La Cour fédérale du Canada a ordonné vendredi au gouvernement canadien de rapatrier quatre citoyens canadiens détenus dans des camps familiaux gérés par l’organisation djihadiste État islamique dans le nord-est de la Syrie, l’exhortant à négocier avec leurs ravisseurs pour leur libération.
Le juge Henry Brown a ordonné à Ottawa de demander le rapatriement des quatre hommes «dès que cela est raisonnablement possible» et de leur fournir des passeports ou des documents de voyage d’urgence, a rapporté le Globe and Mail.
Plus précisément, un représentant du gouvernement canadien doit se rendre en Syrie pour faciliter le retour des quatre personnes une fois que leur libération aura été négociée avec leurs ravisseurs.

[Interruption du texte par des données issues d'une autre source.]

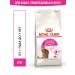 ROYAL CANIN Dry food Savour Exigent to pick up cats from 1 year 2kg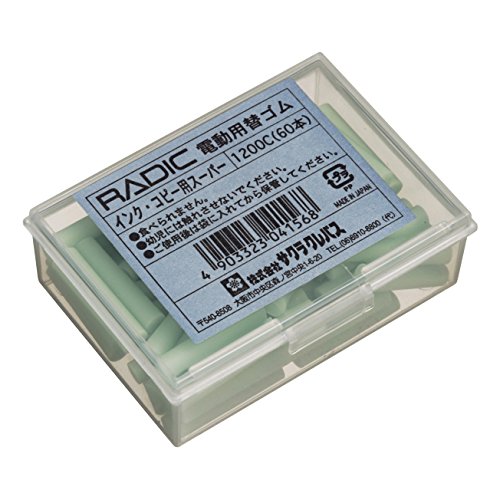 Sakura Craypas 1200C Replacement for Electric Erasers, Super for Ink and Copy (Hard Type), Pack of 60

Cette décision intervient après que des proches aient demandé aux tribunaux d’ordonner à l’exécutif d’organiser le retour des quatre hommes, arguant que le refus de le faire violerait la Charte des droits et libertés du pays.
Quelques heures plus tôt, le gouvernement canadien a accepté de rapatrier six femmes et 13 enfants canadiens détenus dans des conditions inhumaines dans des camps familiaux de l’organisation djihadiste État islamique dans le nord-est de la Syrie.
L’accord de rapatriement est confidentiel et ne précise pas de date de retour pour les détenus au-delà d'»un calendrier convenu mutuellement» avec les forces kurdes qui gèrent les camps d’Al Hol et de Roj.
Le dernier rapport de l’ONG Human Rights Watch, publié en décembre dernier, estime que plus de 40 000 étrangers, pour la plupart des enfants, restent dans les camps sous la menace des attaques d’artillerie turques, des maladies et des attaques violentes des extrémistes islamiques et des cellules dormantes de l’État islamique dans ces camps.